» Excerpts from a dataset
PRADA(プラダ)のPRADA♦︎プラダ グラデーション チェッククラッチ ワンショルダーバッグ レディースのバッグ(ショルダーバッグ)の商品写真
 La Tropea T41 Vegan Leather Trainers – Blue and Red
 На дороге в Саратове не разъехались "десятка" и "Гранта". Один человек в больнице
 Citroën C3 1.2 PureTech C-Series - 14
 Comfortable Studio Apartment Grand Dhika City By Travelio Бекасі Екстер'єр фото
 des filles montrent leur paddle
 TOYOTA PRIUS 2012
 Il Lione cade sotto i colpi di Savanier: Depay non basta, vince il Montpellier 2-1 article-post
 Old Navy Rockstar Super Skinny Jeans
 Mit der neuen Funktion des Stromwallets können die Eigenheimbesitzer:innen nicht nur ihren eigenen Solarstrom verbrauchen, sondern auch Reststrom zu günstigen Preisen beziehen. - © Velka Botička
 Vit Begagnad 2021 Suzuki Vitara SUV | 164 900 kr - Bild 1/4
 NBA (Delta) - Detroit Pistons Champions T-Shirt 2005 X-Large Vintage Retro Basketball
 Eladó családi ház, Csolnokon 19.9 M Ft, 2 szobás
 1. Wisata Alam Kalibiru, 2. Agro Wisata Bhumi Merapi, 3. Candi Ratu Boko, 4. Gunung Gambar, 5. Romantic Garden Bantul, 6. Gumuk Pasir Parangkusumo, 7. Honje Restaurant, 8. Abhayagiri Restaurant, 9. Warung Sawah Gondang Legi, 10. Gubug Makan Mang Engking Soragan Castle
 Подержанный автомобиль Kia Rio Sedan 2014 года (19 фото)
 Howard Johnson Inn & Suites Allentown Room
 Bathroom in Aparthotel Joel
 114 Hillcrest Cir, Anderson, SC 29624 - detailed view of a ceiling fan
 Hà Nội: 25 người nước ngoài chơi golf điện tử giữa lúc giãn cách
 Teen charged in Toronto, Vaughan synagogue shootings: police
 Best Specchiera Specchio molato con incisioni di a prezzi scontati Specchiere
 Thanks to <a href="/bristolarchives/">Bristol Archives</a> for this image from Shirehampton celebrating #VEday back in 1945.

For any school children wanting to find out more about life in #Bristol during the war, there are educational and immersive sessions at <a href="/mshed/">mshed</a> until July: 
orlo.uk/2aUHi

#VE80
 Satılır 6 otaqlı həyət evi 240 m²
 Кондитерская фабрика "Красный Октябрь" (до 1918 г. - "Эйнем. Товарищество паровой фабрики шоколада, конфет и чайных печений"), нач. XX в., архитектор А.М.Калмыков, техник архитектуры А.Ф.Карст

» ABOUT THIS EXERCISE
Among the lines above, find those containing the word "фото" and copy each.

» OUTPUT
 Comfortable Studio Apartment Grand Dhika City By Travelio Бекасі Екстер'єр фото
 Подержанный автомобиль Kia Rio Sedan 2014 года (19 фото)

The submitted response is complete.